FIFA is to set up a taskforce of 11 people to look at reforming football’s scandal-hit world governing body.Proposals for reform will include term limits for presidents and integrity checks for top officials, president Sepp Blatter announced.
FIFA will hold an extraordinary Congress to elect its new president on February 26 2016, he added.
Blatter, 79, announced he would stand down in June – just four days after being re-elected president.
Term limits for officials, central integrity checks for executive committee members and the disclosing of all salaries and payments to FIFA members will be the main focus of the reform taskforce, Blatter said – although he did not go into more details.
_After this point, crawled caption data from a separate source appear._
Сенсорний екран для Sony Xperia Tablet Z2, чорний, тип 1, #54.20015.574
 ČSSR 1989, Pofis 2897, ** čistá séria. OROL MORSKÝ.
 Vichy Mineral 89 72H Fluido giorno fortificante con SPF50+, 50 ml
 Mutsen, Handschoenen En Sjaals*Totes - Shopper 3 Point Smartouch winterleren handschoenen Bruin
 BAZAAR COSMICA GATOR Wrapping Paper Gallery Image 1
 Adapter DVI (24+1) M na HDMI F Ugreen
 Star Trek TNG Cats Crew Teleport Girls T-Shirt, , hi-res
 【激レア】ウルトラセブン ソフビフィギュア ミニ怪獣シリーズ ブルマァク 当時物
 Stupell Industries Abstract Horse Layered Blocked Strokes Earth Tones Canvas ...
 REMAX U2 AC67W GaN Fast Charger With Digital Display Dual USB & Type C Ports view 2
The set-up of the committee would be like “10 players and a coach”, he added, with one key person – the ‘coach’ – driving the process.
UEFA president Michel Platini said the creation of the panel was “an important step”. Speaking after the FIFA executive committee meeting he said: “We must now make sure that the reforms outlined today will be undertaken in a swift and effective manner. We need to reform FIFA and we need to do it now.”
Blatter believes the steps to reform could be his legacy. He said: “I am still the elected president by 133 associations and I will use my mandate as president as a responsibility and mission to make sure that at the end of February, I can say FIFA has started to reform and to rebuild the reputation of FIFA.”
But anti-corruption watchdog Transparency International, citing the fact the committee would not be fully independent of FIFA, said of the move: “This will not be sufficient to win back trust in FIFA.”
The organisation’s director of communications, Neil Martinson, added: “FIFA has promised reform many times before and failed dismally. They have failed fans and supporters today.”